Id.(quotation marks and citation omitted). “The standards for ‘plain error’ review and ineffective assistance of counsel are distinct, and therefore, a defendant can obtain relief for ineffective assistance of counsel even if he or she cannot demonstrate plain error.” People v Hughes,
506 Mich 512, 523;
958 NW2d 98(2020). “An expert may testify regarding typical symptoms of child sexual abuse for the sole purpose of explaining a victim’s specific behavior that might be incorrectly construed by the jury as inconsistent with that of an abuse victim or to rebut an attack on the victim’s credibility.” People v Peterson,
450 Mich 349, 373;
537 NW2d 857(1995), amended
450 Mich 1212(1995). However, “(1) an expert may not testify that the sexual abuse occurred, (2) an expert may not vouch for the veracity of a victim, and (3) an expert may not testify whether the defendant is guilty.”
Id. at 352. “[A]n examining physician cannot give an opinion on whether a complainant had been sexually assaulted if the ‘conclusion [is] nothing more than the doctor’s opinion that the victim had told the truth.’ ” People v Thorpe,
504 Mich 230, 255;
934 NW2d 693(2019) (citation omitted; second alteration in original). Similarly, “expert witnesses may not testify that children overwhelmingly do not lie when reporting sexual abuse because such testimony improperly vouches for the complainant’s veracity.” Id. at 235. Moreover, “examining physicians cannot testify that a complainant has been sexually assaulted or has been diagnosed with sexual abuse without physical evidence that corroborates the complainant’s account of sexual assault or abuse -5- because such testimony vouches for the complainant’s veracity and improperly interferes with the role of the jury.” Id. In the present case, defendant fails to point to the specific testimony from Cottrell that supposedly vouched for any of the victims’ credibility. “Trial courts are not the research assistants of the litigants; the parties have a duty to fully present their legal arguments to the court for its resolution of their dispute.” Walters v Nadell,
481 Mich 377, 388;
751 NW2d 431(2008) (emphasis added). Regardless, we discern no plain error in Cottrell’s testimony. Cottrell never discussed any of the victims; in fact, he knew nothing about the cases, victims, or allegations and could not, therefore, speak to their credibility. Cottrell testified only as to generalities regarding child abuse victims, such as disclosure, behavioral issues, and grooming. Swift’s testimony was not merely her opinion that JW had been abused; rather, she testified that, based on physical evidence, i.e., redness and abrasions around the rectum area without stool, there was a possibility that JW had been sexually abused.

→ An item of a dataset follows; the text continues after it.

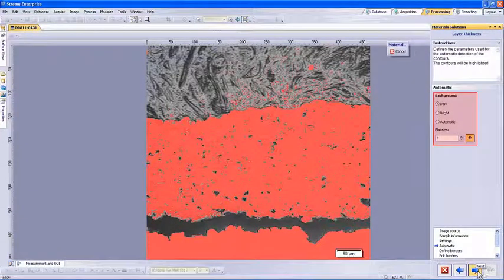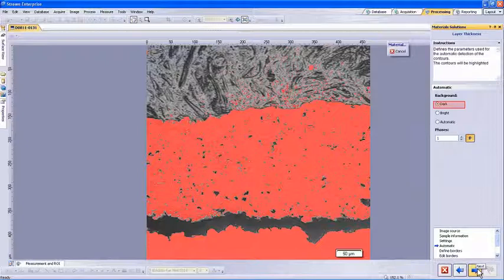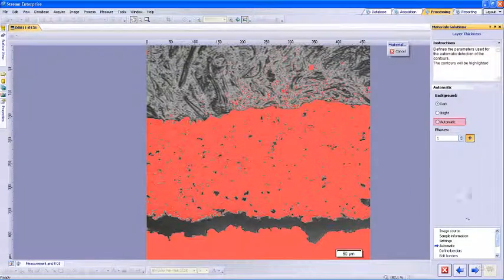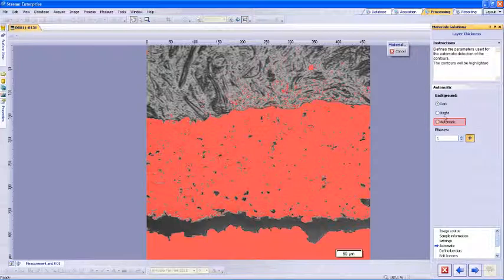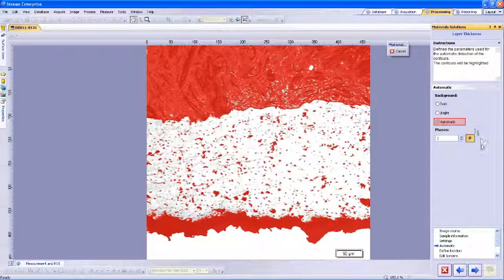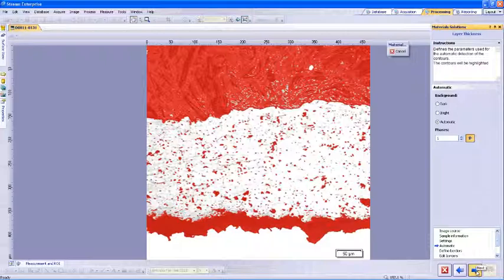At the top of this window, several options with which we can specify details concerning the background can be found. Select the dark option if the image displays a dark layer in front of a bright background. Select the bright option if the image displays a bright layer in front of a dark background. Or we can let the software automatically determine the setting. For this image, select automatic to allow the software to set the background selection. After setting the background selection, click on the next arrow to move to define borders.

This was entirely proper. See Thorpe, 504 Mich at 235. Trial counsel has no duty to make a meritless or futile objection, see People v Putman,
309 Mich App 240, 245;
870 NW2d 593(2015), and defendant has accordingly failed to demonstrate that his trial counsel was ineffective. C. OTHER-ACTS EVIDENCE Defendant argues that the admission of each victim’s testimony at trial constituted the improper admission of other-acts evidence under MCL 768.27a. We disagree. A trial court’s decision to admit or preclude evidence is reviewed for an abuse of discretion. People v Mardlin,
487 Mich 609, 614;
790 NW2d 607(2010). A court abuses its discretion when its decision is “outside the range of principled outcomes.” People v Musser,
494 Mich 337, 348;
835 NW2d 319(2013). But when “the decision involves a preliminary question of law, which is whether a rule of evidence precludes admissibility, the question is reviewed de novo.” People v McDaniel,
469 Mich 409, 412;
670 NW2d 659(2003). Under MCL 768.27a(1), in a criminal case in which the defendant is accused of committing a listed offense against a minor, evidence that the defendant committed another listed offense against a minor is admissible and may be considered for its bearing on any matter to which it is relevant. If the prosecuting attorney intends to offer evidence under this section, the prosecuting attorney shall disclose the evidence to the defendant at least 15 days before the scheduled date of trial or at a later time as allowed by the court for good cause shown, including the statements of witnesses or a summary of the substance of any testimony that is expected to be offered. MCL 768.27a remains subject to MRE 403. Watkins,
491 Mich at 486. MRE 403 provides that “[a]lthough relevant, evidence may be excluded if its probative value is substantially outweighed by the danger of unfair prejudice, confusion of the issues, or misleading the jury, or by considerations of undue delay, waste of time, or needless presentation of cumulative evidence.” However, “when applying MRE 403 to evidence admissible under MCL 768.27a, courts must -6- weigh the propensity inference in favor of the evidence’s probative value rather than its prejudicial effect.” Watkins,
491 Mich at 487. Our Supreme Court clarified that “[t]his does not mean, however, that other-acts evidence admissible under MCL 768.27a may never be excluded under MRE 403 as overly prejudicial.”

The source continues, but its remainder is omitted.